Only way I could do it was snapping a pic of it off my screen. The pic on the left is the angle view from the pic. The pic on the right side is a side view of the studs. The red and yellow are existing verticle and horizontal supports. The ones in blue are the ones I think you might wanna put in there. As long as their snugly fit in between to support the tanks instead of just screws. Hope this helps.


----------



## v4p0r (Aug 14, 2003)

JUst a tip and you all probably know already but if you take your measurments To home depot with you when you buy you wood they will cut it to size for no extra charge. Saves a lot of time cause all you have to do is screw it together


----------



## GARGOYLE (Feb 12, 2003)

I thought only first two cuts were free. It would be a good idea to cut down a 4'x8' piece of oak or whatever to size you want. But I dont think they are gonna make more than a few cuts.


----------



## v4p0r (Aug 14, 2003)

At the one here at least they will cut it however you want it No charge Ive had em make alot of cuts for speaker boxes and such


----------



## nitrofish (Jan 14, 2003)

GARGOYLE said:


> Only way I could do it was snapping a pic of it off my screen. The pic on the left is the angle view from the pic. The pic on the right side is a side view of the studs. The red and yellow are existing verticle and horizontal supports. The ones in blue are the ones I think you might wanna put in there. As long as their snugly fit in between to support the tanks instead of just screws. Hope this helps.
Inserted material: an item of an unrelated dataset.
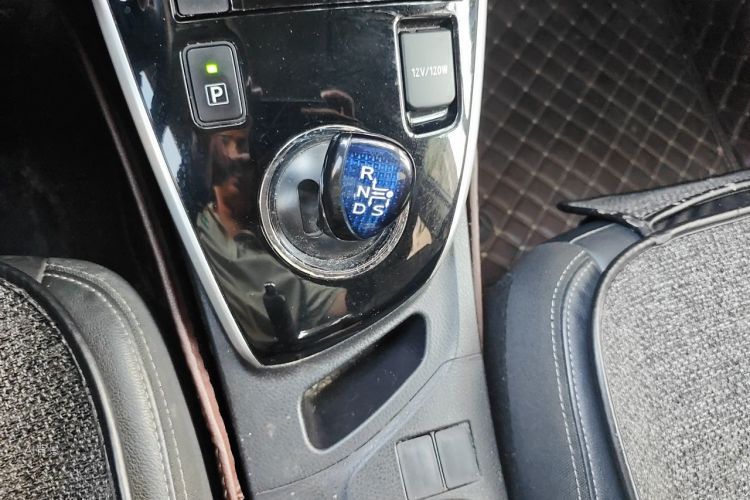 Toyota Corolla 2017 #16 Toyota Corolla 2017 car image #16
 I can see your upgrade, but that means I wont be able to put 3 more tanks on the bottom. got any other ideas?


----------



## mantis (May 16, 2003)

nice work nitro


----------



## King Oscar (Apr 5, 2005)

did u add anything else to it


----------



## l2ob (May 22, 2004)

why would u bring back a post from 2 years ago?

before yo post please check the dates and try not to bring back old threads.

thanks


----------